PROBLEM STATEMENT ▸
The material below holds pictures; leave them out and reproduce exactly the lines from the one with "NWT Lulus Music" through the one with "Set cuvette de", inclusive.

GIVEN RECORDS ▸
▶

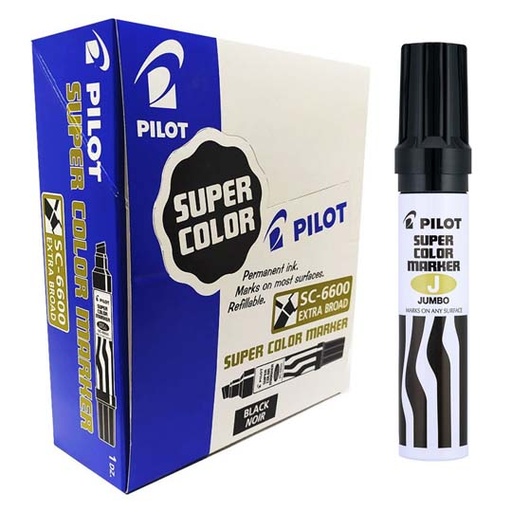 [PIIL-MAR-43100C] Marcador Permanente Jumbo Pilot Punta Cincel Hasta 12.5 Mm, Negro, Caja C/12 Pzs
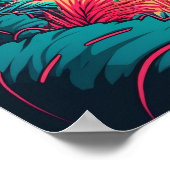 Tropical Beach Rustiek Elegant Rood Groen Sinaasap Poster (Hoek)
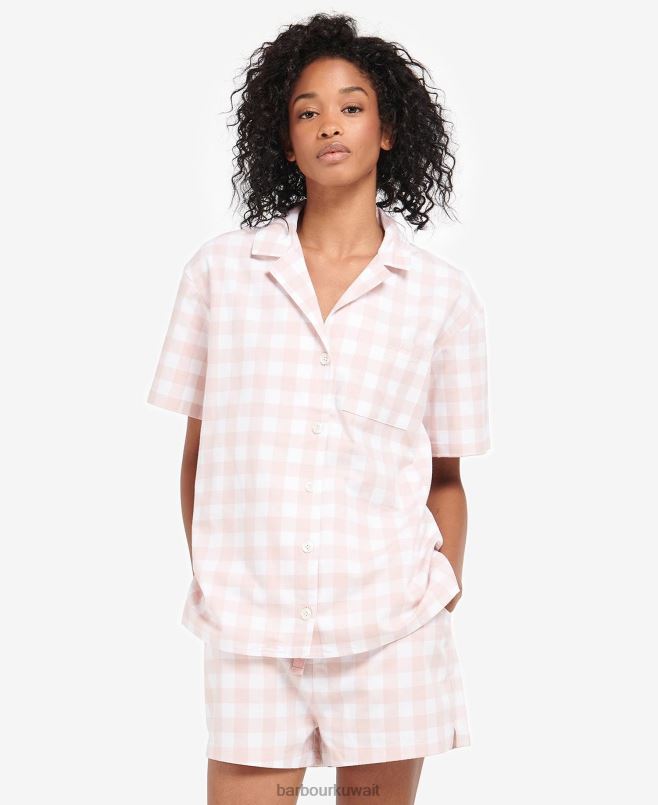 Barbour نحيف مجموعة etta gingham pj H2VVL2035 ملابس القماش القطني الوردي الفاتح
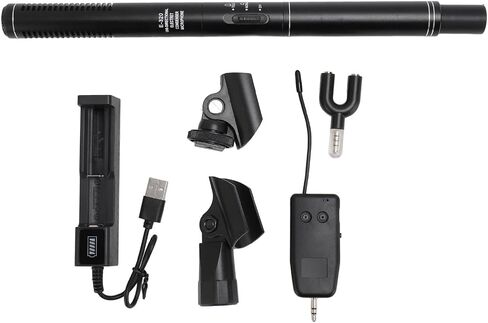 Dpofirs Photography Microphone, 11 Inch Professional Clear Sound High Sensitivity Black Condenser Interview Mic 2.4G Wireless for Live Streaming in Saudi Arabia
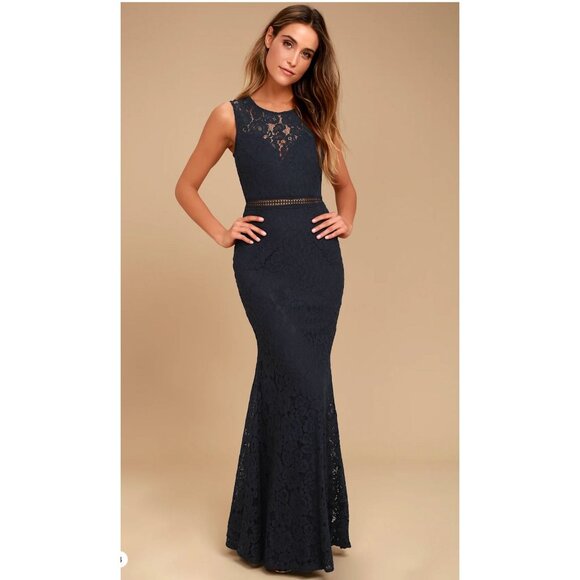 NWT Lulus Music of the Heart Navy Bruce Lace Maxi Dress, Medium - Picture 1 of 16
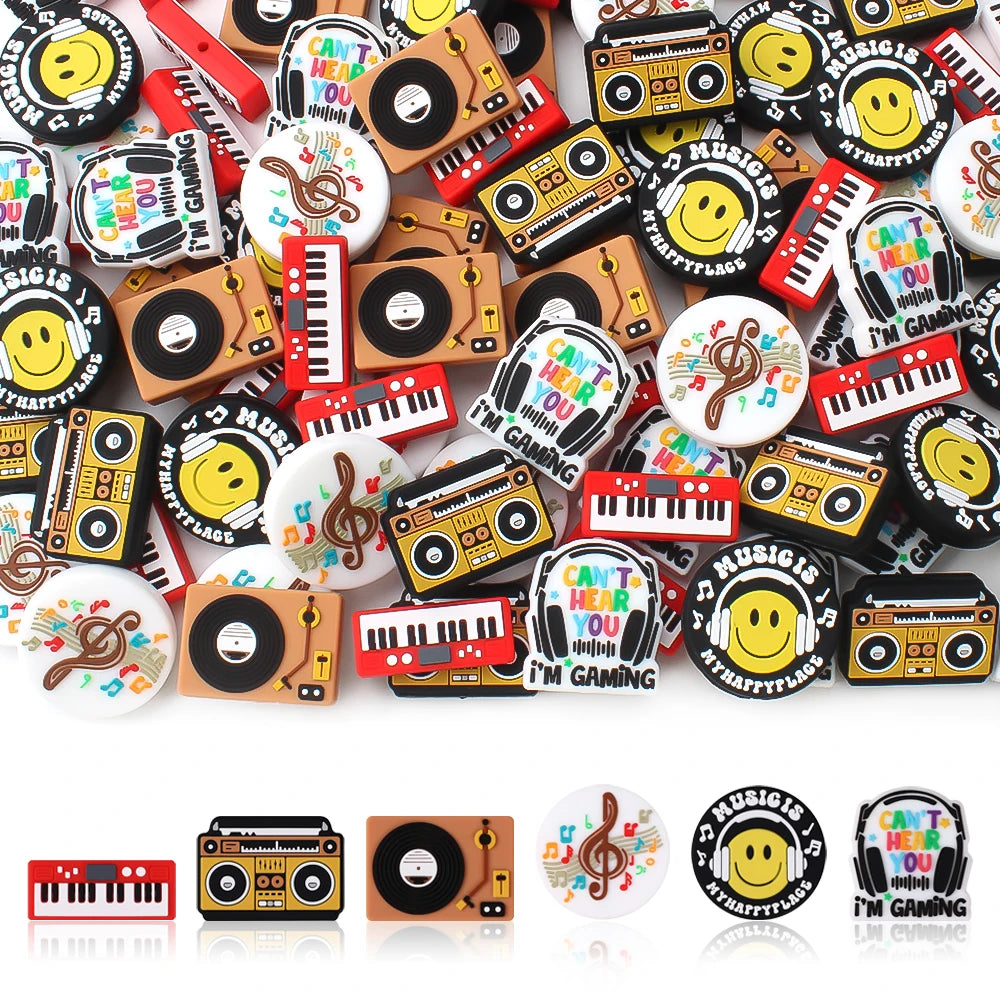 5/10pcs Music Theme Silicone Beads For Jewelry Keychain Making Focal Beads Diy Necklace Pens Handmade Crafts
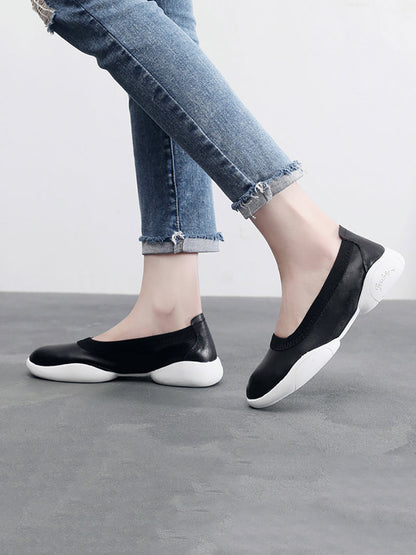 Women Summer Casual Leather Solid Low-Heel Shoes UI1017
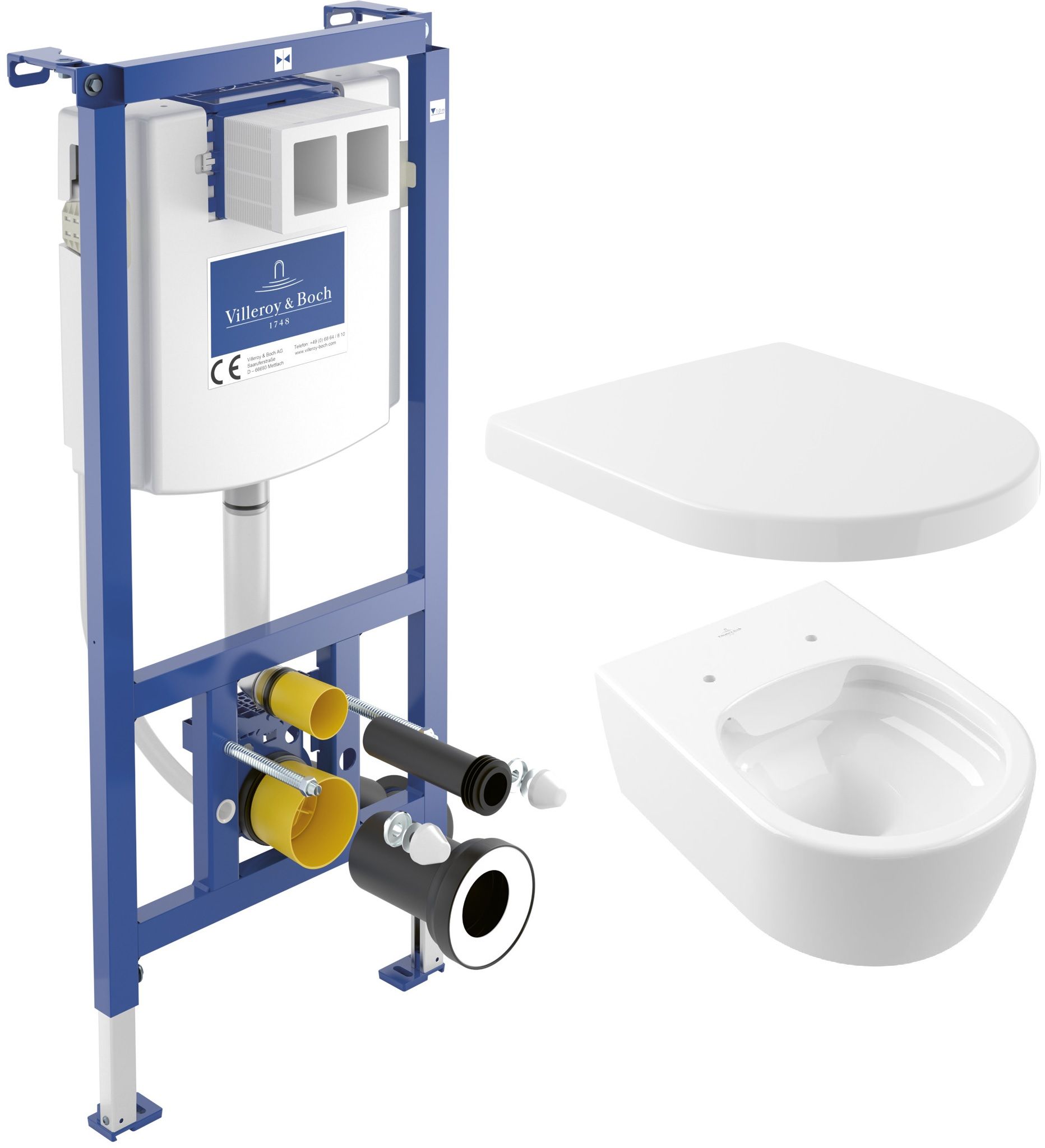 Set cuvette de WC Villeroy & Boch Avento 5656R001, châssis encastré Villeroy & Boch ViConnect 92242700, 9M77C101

◀
▶

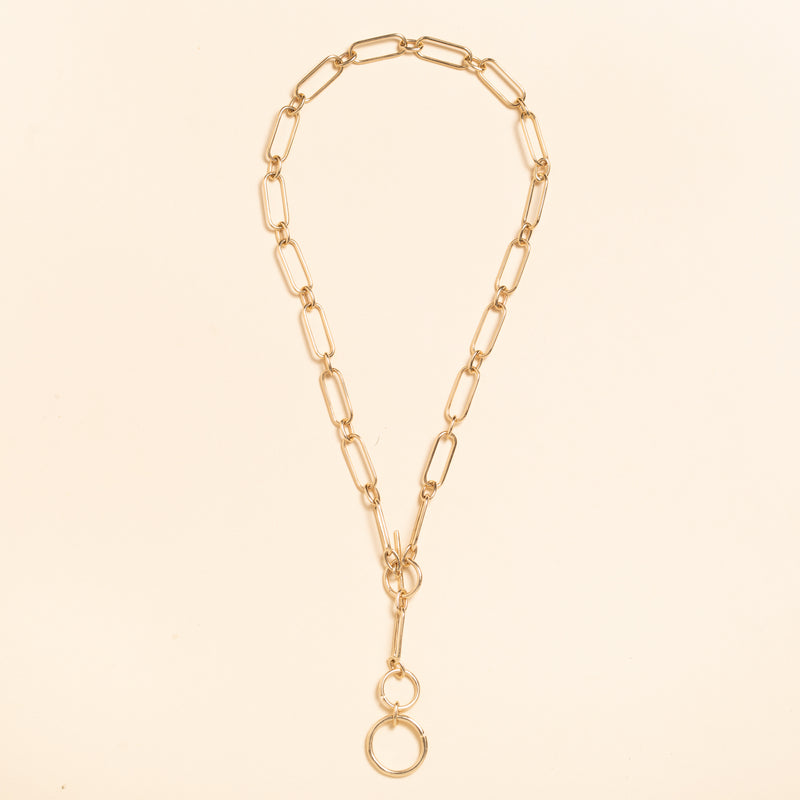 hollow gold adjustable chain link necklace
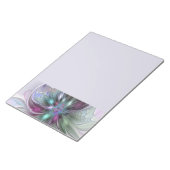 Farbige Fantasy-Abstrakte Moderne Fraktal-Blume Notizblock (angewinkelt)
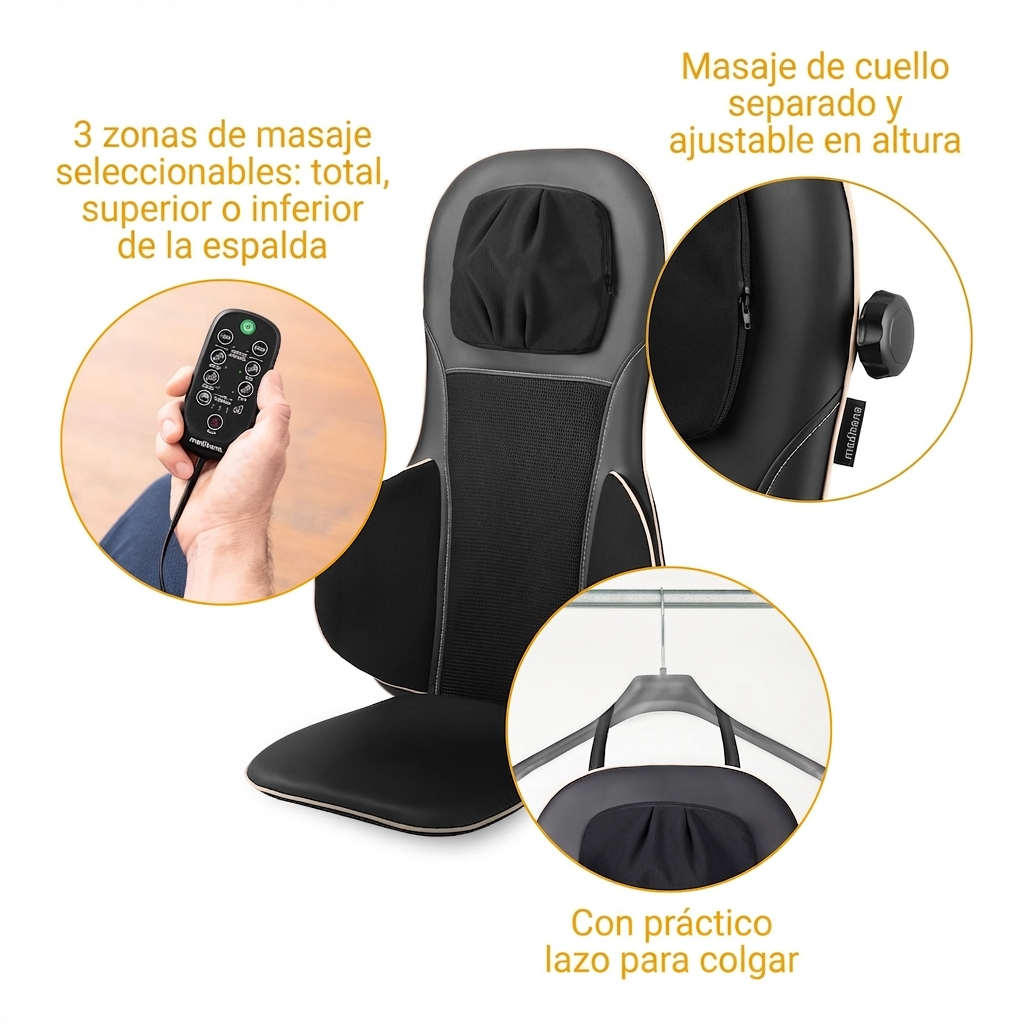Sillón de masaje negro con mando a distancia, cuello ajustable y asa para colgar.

◀

EXERCISE RESULT ▸
 NWT Lulus Music of the Heart Navy Bruce Lace Maxi Dress, Medium - Picture 1 of 16
 5/10pcs Music Theme Silicone Beads For Jewelry Keychain Making Focal Beads Diy Necklace Pens Handmade Crafts
 Women Summer Casual Leather Solid Low-Heel Shoes UI1017
 Set cuvette de WC Villeroy & Boch Avento 5656R001, châssis encastré Villeroy & Boch ViConnect 92242700, 9M77C101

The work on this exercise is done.